Membandel, Puluhan Gerai Alfamart di Lombok Tengah Ditutup Paksa Satpol PP

Lombok Tengah - Reportase7.com

Pemerintah Kabupaten Lombok Tengah mengambil tindakan tegas dengan menutup paksa puluhan gerai retail modern milik Alfamart. Langkah ini diambil setelah pihak perusahaan mengabaikan tenggat waktu yang telah diberikan untuk melakukan penutupan secara mandiri.

​Kepala Satuan Polisi Pamong Praja (Kasat Pol PP) Lombok Tengah, Zainal Mustakim, menegaskan bahwa tindakan represif ini terpaksa dilakukan karena pihak manajemen dinilai tidak kooperatif.

​“Sudah kita ingatkan dan sesuai rentang waktu yang kami berikan sampai tanggal 21 Mei agar perusahaan menutup secara mandiri, tapi membandel,” ujar Zainal Mustakim saat memimpin operasi penertiban, Jumat 22 Mei 2026.

​Akibat ketidakpatuhan tersebut, personil Satpol PP bergerak cepat turun ke lapangan untuk melakukan penyegelan terhadap sejumlah retail modern yang kedapatan masih nekat beroperasi.

​Langkah tegas Pemerintah Daerah (Pemda) Lombok Tengah ini mendapat dukungan penuh dari berbagai elemen masyarakat, salah satunya dari lembaga swadaya Kawal NTB. Divisi Kebijakan Publik dan Pemerintahan Kawal NTB, Wahyudi, mengapresiasi ketegasan aparat dalam menegakkan aturan daerah.

​“Memang semestinya dan sudah keharusan Perda ditegakkan, karena ini bukan barang sunah (opsional),” kata Wahyudi.
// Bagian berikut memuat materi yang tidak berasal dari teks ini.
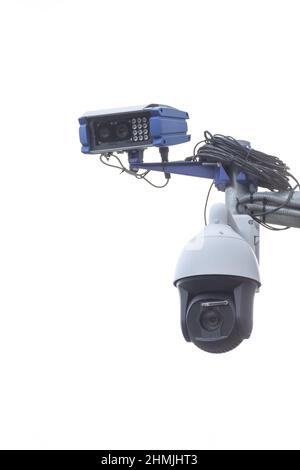 Überwachungskamera. Verkehrskontrolle und automatische Erkennung von Verkehrsverstößen. CCTV-Kamera. Stockfoto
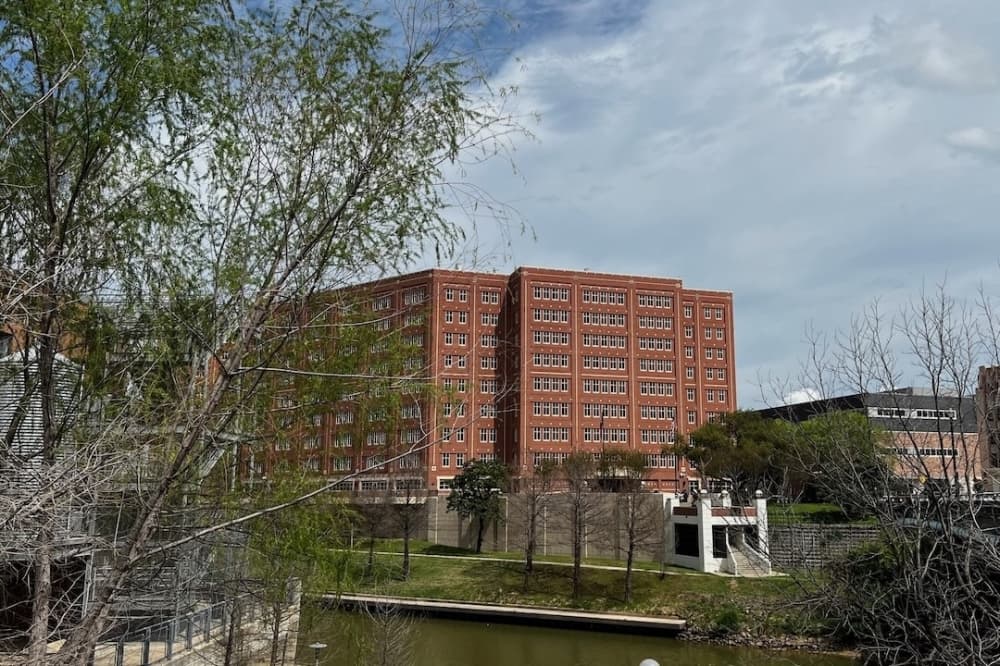 Understaffed, overpopulated: Why Harris County jails and the state are at a standstill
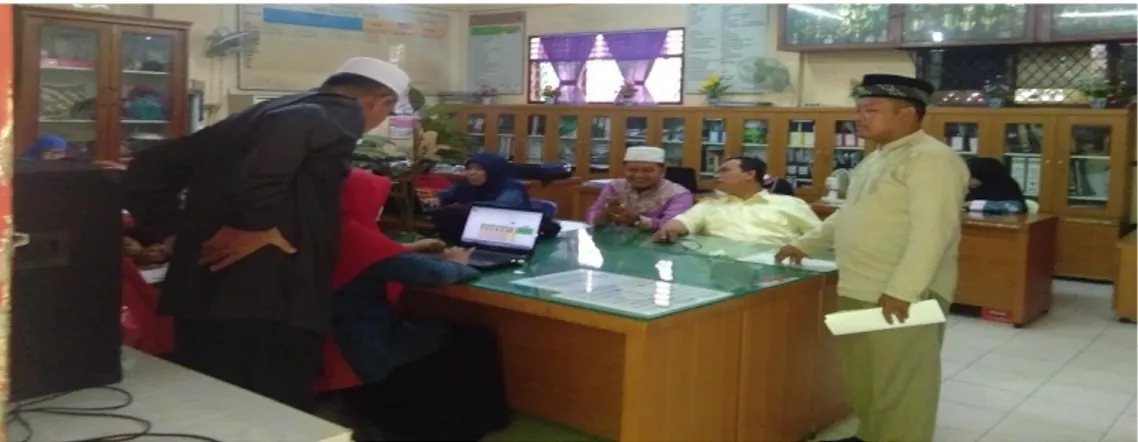 Foto Kebersamaan Kepala Madrasah dengan Para Guru  MAS PAB-2  Helvetia Ketika Jam Istirahat Sekolah 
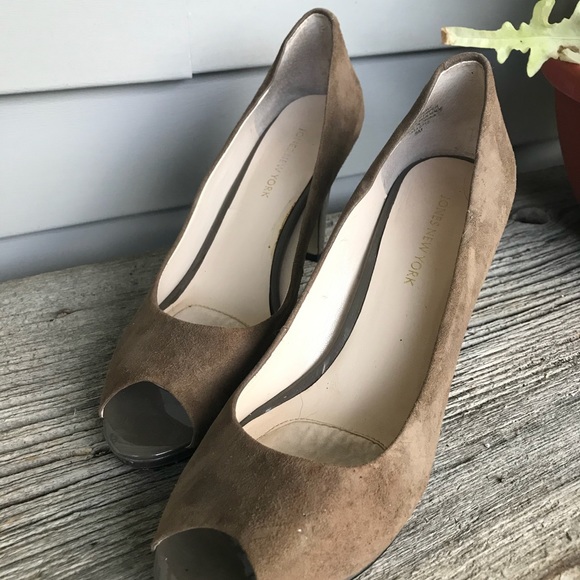 Suede peep toe heels - Picture 1 of 6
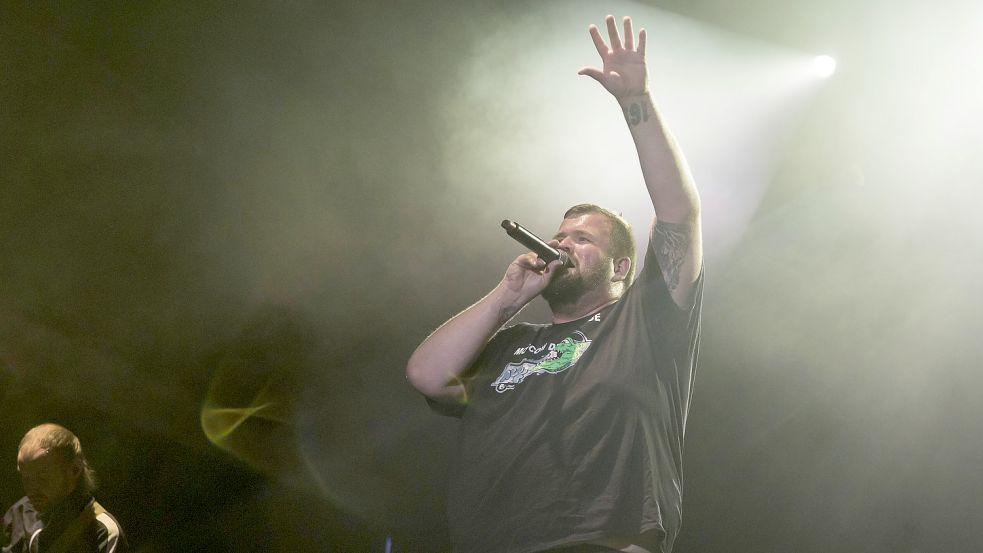 Gegen Jan „Monchi“ Gorkow, Sänger der Band „Feine Sahne Fischfilet“, werden schwere Anschuldigungen erhoben. Foto: imago-images/POP-EYE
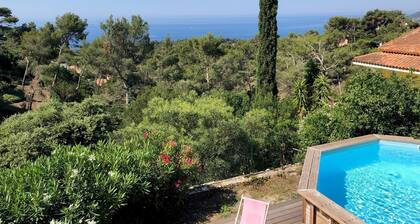 Villa vue mer, 4 chambres, climatisation, piscine à 5 min des plages (Almanarre)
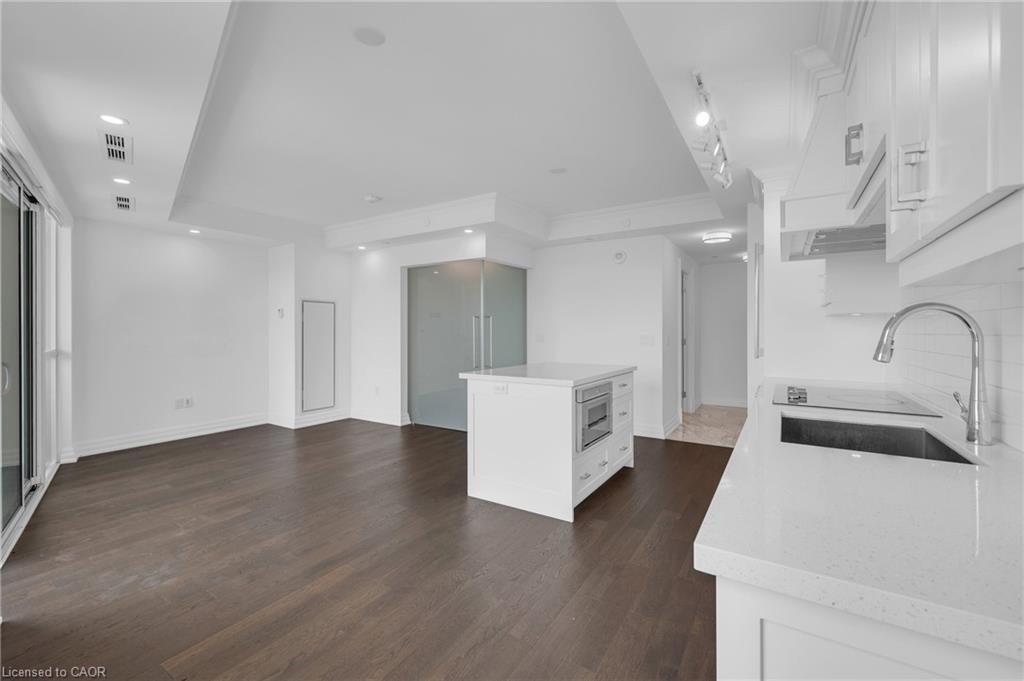 605-2060 Lakeshore Road Property Photo 6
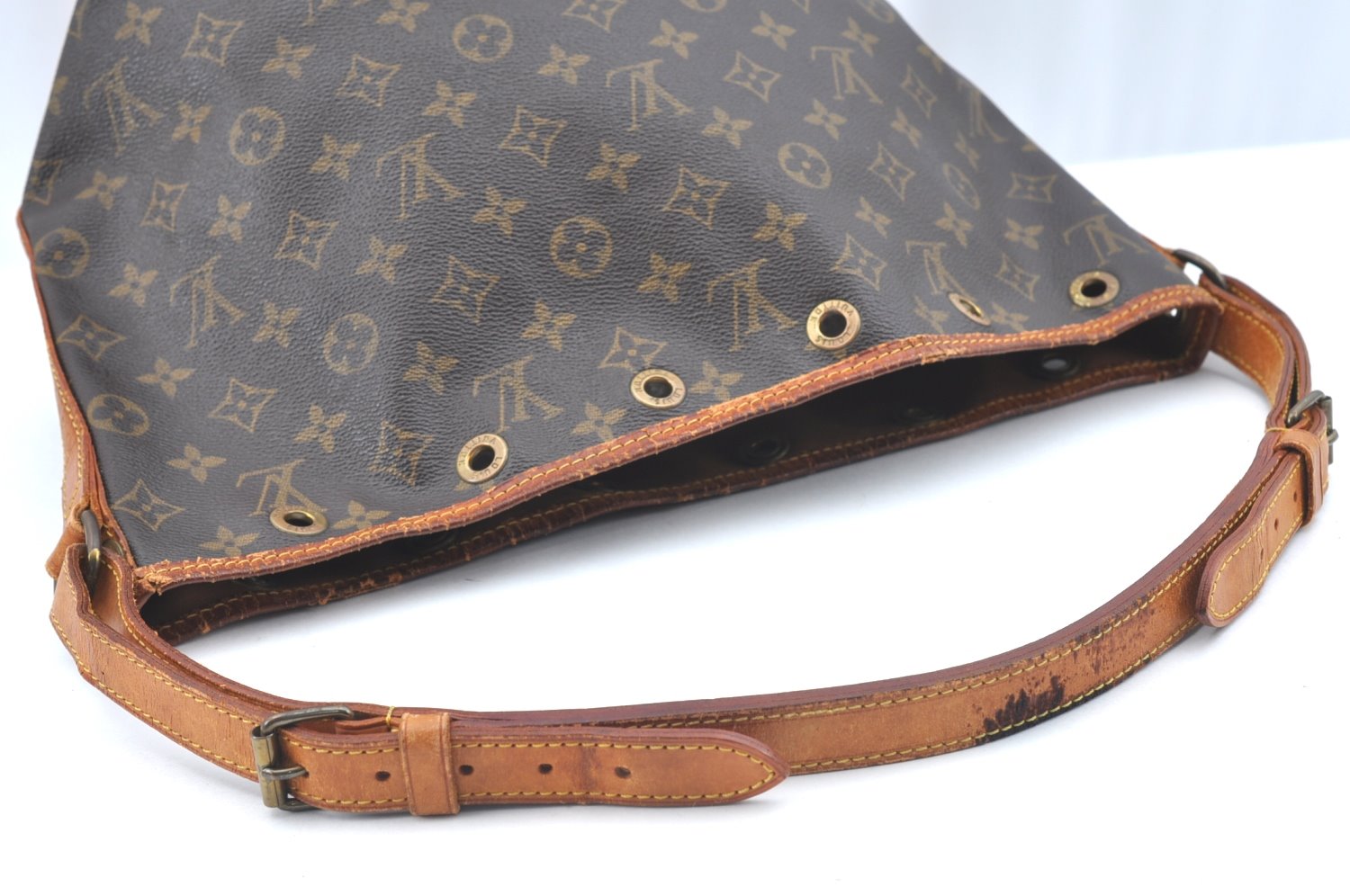 Authentic Louis Vuitton Monogram Petit Noe M42226 Shoulder Drawstring Bag K5845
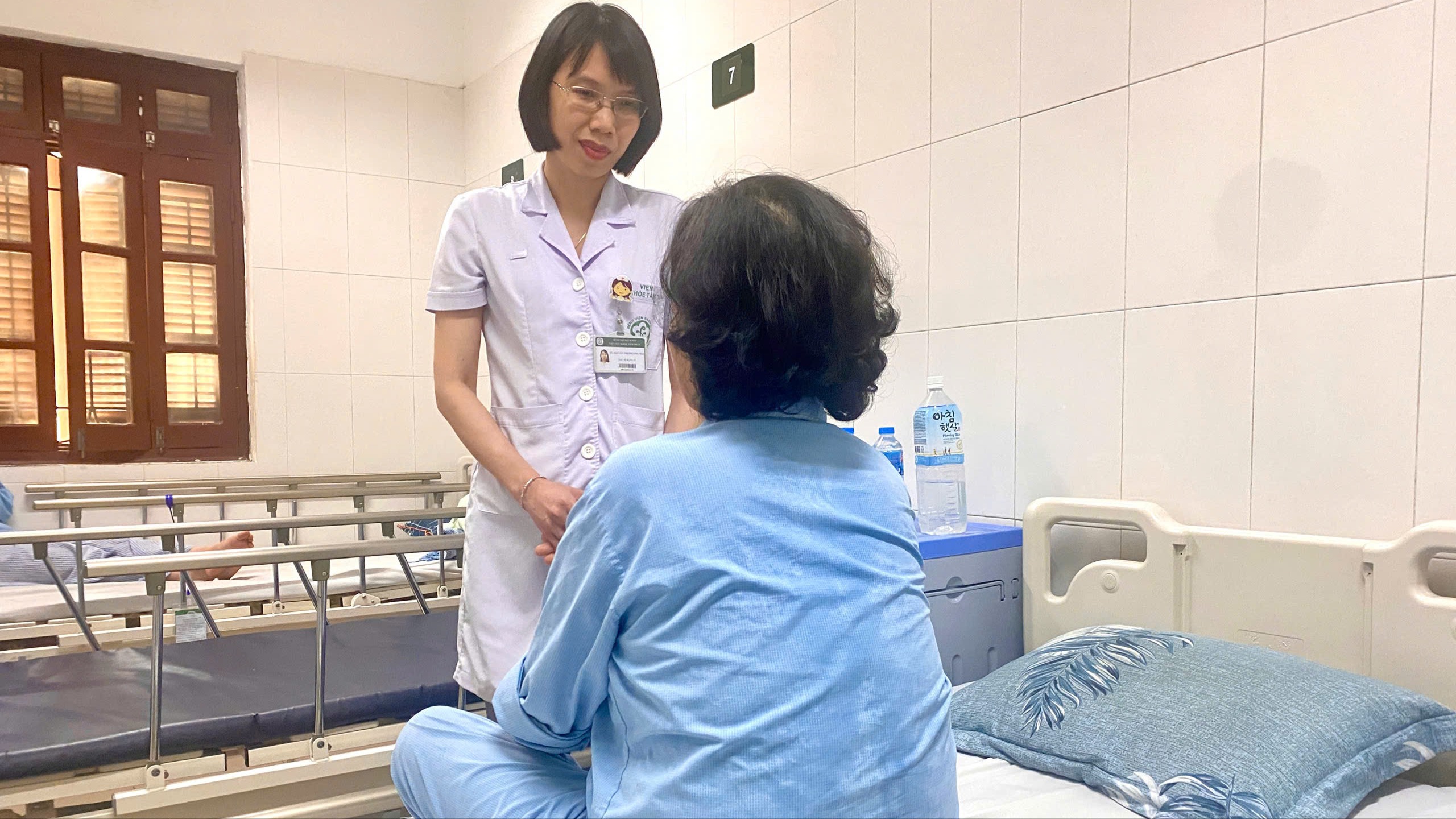 Nhiều người cao tuổi khủng hoảng tâm lý, nhập viện vì sập bẫy lừa đảo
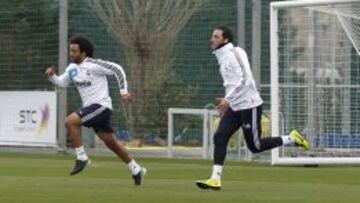 Marcelo e Higua&iacute;n durante el entrenamiento.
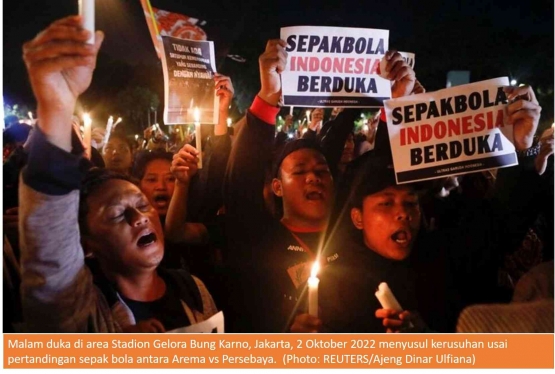 Image: Malam duka cita di Gelora Bung Karno Jakarta 2 Oktober 2022 (Photo: Reuters/Ajeng Dinar Ulfiana)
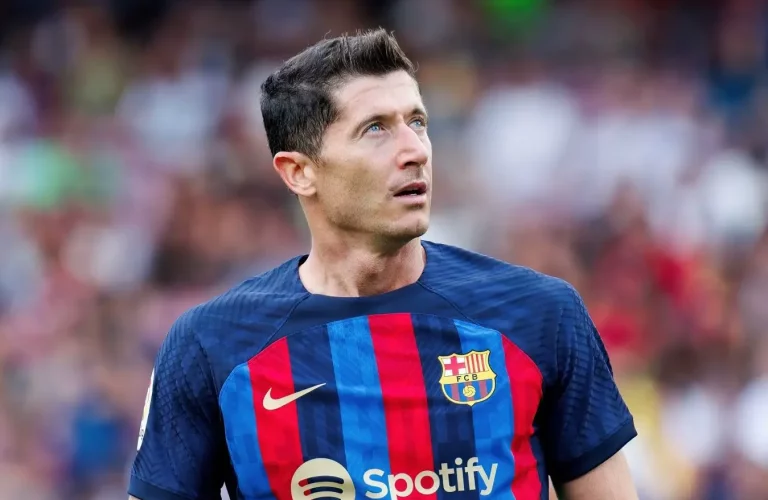 Wszystkie pary 1/8 finału Ligi Mistrzów. Lewandowski trafił na Zielińskiego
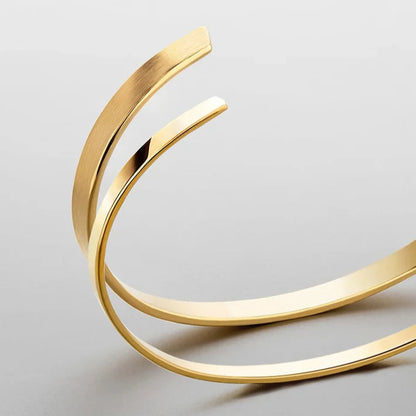 Eenvoudige gladde manchetarmband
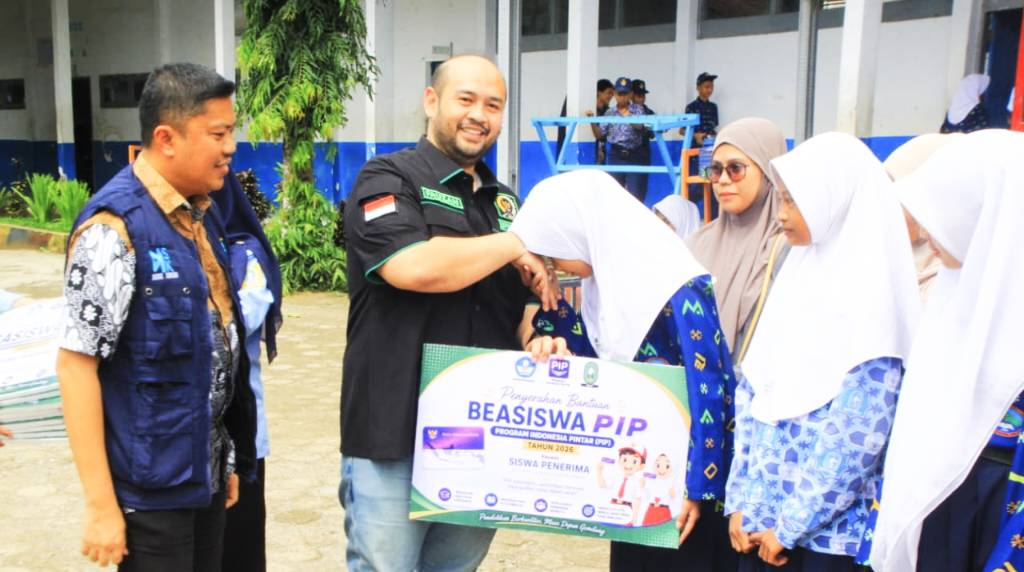 Bersama Disdik Achmad Fauzan Guntur Salurkan Bantuan PIP untuk 70 Siswa di Sinjai: Pendidikan adalah Investasi Masa Depan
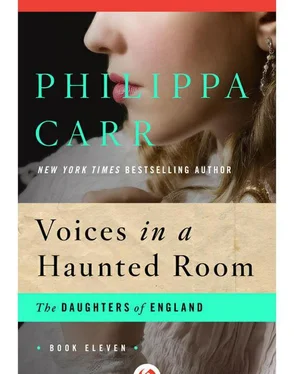 Philippa Carr Voices in a Haunted Room обложка книги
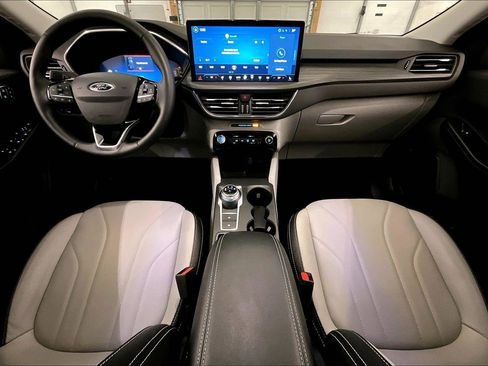 Used 2025 Ford Escape SE w/ PHEV Premium Package image 14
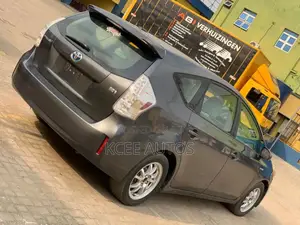Toyota Prius 2012 Gray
​Lebih lanjut, Wahyudi mendesak agar Pemda Lombok Tengah tidak berhenti pada penutupan sementara saja. Ia meminta pemerintah daerah segera mencabut izin operasional serta izin-izin terkait lainnya terhadap lokasi retail yang melanggar. 

Berdasarkan Peraturan Daerah (Perda) No. 7 Tahun 2021, sanksi bagi pelanggar memang tidak hanya berupa penutupan sementara, melainkan juga denda administratif hingga pencabutan izin tetap.

​Kawal NTB juga meyakini bahwa Pemda Lombok Tengah akan berlaku adil dan tegas terhadap semua jenis waralaba yang melanggar, tanpa tebang pilih.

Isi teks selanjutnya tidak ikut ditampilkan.